Filmin açılış sahnesi , politik bir film okuma yapılması gerekliliğini seyirciye hissettirmektedir. Koyun sürüsü ve mavi yakalılar arasında kurulan ilişki bize bunu fazlasıyla hissettirir. Bu kadar keskin bir açılışın ardından bir işçinin özelinde anlatılmaya çalışılan bu hikaye dönemini eleştirel bir üslupla resmetmiştir. Filmin George Orwell’ın 1984 romanından 13 sene önce seyirciyle buluşması ise Büyük Birader karakterinin ilham kaynağını doğrudan bizlere gösterir. Filmde patron ve işçi arasındaki ilişkinin devlet-birey ilişkisi genelinde okunabilmesi de son derece mümkündür. Patronun her daim işçileri gözetleyebilmesi, denetleyebilmesi ve yeri geldiğinde onlar üzerinde tahakküm kurabilmesi baskıcı ve otoriter devlet anlayışının bir çeşit yansıması olarak karşımıza çıkar. Bireyin gerek özel gerekse kamusal alanına gerçekleştirilen bu müdahalenin sınıfsal değişkenliği de yine göze çarpan bir başka detaydır.

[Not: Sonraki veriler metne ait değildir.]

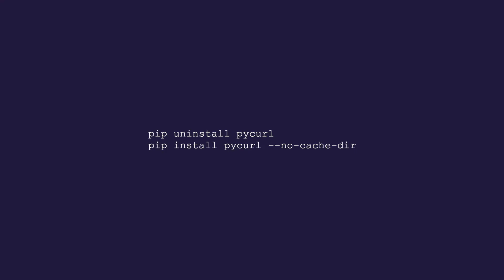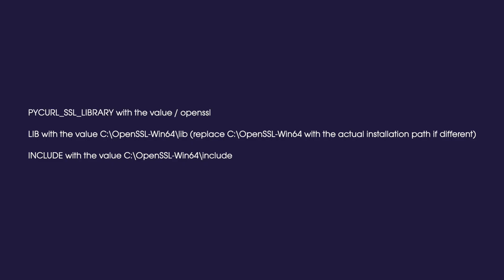Afterwards, reinstall pycurl. On Windows, download and install the OpenSSL 1.1x binaries. You can find the download link in the description below. After that, add the following environment variables. Afterwards, install the Python library pycurl and your code should now work.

Ana karakter Şarlo özelinde insan-makine karşıtlığı üzerinden temellenen bu hikaye aynı zamanda insanın makineleşme sürecine nasıl uyum sağlamaya çalıştığını da bizlere göstermektedir. Makinenin bir parçası olarak resmedilmiş olan insan, makinenin kendisine uyum sağlayabilmesinden ziyade kendisini ona adapte etmeye şartlayarak yabancılaşma sürecini de hızlandırmıştır. Beslenme makinesinin denenmesi sahnesinde ise makinelerin insan hayatına adapte edilemediğine şahit olmaktayız. Şarlo’nun fiziksel olarak acı çektiği bu sahnede üreticilerin tek derdinin makinenin çalışıyor olup olmayışı üretici üzerinden sistemin vahşiliğini açıkça ortaya koyar. Bu vahşi çark içerisinde kendini ve çevresini anlama ve anlamlandırma konusunda güçlük çeken bir karakterin dünyasında buluyoruz kendimizi. Endüstri toplumunun yaratmış olduğu, bireyin kendisine ve çevresine yabancılaşma sorunsalı Şarlo üzerinden somutlaştırılmaya çalışılmıştır. Büyük bir sosyal-psikoloji problemi olarak karşımıza çıkan bu problem ilerleyen zamanlarda Şarlo’nun akıl sağlığını koruyamamasına da neden olacaktır. Filmin bu dakikalarında, büyük ölçüde üretkenlik ve motivasyon düşüklüğü yaşayan bireyin hastalıklı bir toplum yapısı içerisindeki çürüyüşünü izlemekteyiz.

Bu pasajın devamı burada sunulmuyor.